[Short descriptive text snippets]
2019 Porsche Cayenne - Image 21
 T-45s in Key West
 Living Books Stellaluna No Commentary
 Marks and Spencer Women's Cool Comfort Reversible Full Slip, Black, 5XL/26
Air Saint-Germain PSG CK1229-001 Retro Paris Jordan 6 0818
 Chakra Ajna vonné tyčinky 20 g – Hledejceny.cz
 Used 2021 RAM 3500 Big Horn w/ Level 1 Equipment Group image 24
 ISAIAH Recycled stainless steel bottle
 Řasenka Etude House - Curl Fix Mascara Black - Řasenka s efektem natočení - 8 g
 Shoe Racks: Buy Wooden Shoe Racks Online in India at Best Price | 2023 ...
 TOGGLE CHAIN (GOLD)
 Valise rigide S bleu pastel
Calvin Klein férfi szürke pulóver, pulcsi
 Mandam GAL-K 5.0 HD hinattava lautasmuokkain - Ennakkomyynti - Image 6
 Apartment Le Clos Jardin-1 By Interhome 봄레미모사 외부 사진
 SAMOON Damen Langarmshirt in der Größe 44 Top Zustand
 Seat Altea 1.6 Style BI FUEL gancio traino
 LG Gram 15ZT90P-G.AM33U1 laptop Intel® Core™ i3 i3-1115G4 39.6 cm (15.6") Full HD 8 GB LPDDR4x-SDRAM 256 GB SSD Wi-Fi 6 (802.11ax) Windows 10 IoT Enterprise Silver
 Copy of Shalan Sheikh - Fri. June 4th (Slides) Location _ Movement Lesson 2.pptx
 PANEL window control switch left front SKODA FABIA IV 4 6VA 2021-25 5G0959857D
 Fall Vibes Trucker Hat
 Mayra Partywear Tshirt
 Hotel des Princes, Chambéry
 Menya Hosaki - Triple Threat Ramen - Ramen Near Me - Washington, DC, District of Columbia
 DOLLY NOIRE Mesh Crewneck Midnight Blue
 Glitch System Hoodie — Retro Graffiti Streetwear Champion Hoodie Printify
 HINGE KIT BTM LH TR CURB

# Task requirements
Return all of the data precisely as it appears.

# Expected output
2019 Porsche Cayenne - Image 21
 T-45s in Key West
 Living Books Stellaluna No Commentary
 Marks and Spencer Women's Cool Comfort Reversible Full Slip, Black, 5XL/26
Air Saint-Germain PSG CK1229-001 Retro Paris Jordan 6 0818
 Chakra Ajna vonné tyčinky 20 g – Hledejceny.cz
 Used 2021 RAM 3500 Big Horn w/ Level 1 Equipment Group image 24
 ISAIAH Recycled stainless steel bottle
 Řasenka Etude House - Curl Fix Mascara Black - Řasenka s efektem natočení - 8 g
 Shoe Racks: Buy Wooden Shoe Racks Online in India at Best Price | 2023 ...
 TOGGLE CHAIN (GOLD)
 Valise rigide S bleu pastel
Calvin Klein férfi szürke pulóver, pulcsi
 Mandam GAL-K 5.0 HD hinattava lautasmuokkain - Ennakkomyynti - Image 6
 Apartment Le Clos Jardin-1 By Interhome 봄레미모사 외부 사진
 SAMOON Damen Langarmshirt in der Größe 44 Top Zustand
 Seat Altea 1.6 Style BI FUEL gancio traino
 LG Gram 15ZT90P-G.AM33U1 laptop Intel® Core™ i3 i3-1115G4 39.6 cm (15.6") Full HD 8 GB LPDDR4x-SDRAM 256 GB SSD Wi-Fi 6 (802.11ax) Windows 10 IoT Enterprise Silver
 Copy of Shalan Sheikh - Fri. June 4th (Slides) Location _ Movement Lesson 2.pptx
 PANEL window control switch left front SKODA FABIA IV 4 6VA 2021-25 5G0959857D
 Fall Vibes Trucker Hat
 Mayra Partywear Tshirt
 Hotel des Princes, Chambéry
 Menya Hosaki - Triple Threat Ramen - Ramen Near Me - Washington, DC, District of Columbia
 DOLLY NOIRE Mesh Crewneck Midnight Blue
 Glitch System Hoodie — Retro Graffiti Streetwear Champion Hoodie Printify
 HINGE KIT BTM LH TR CURB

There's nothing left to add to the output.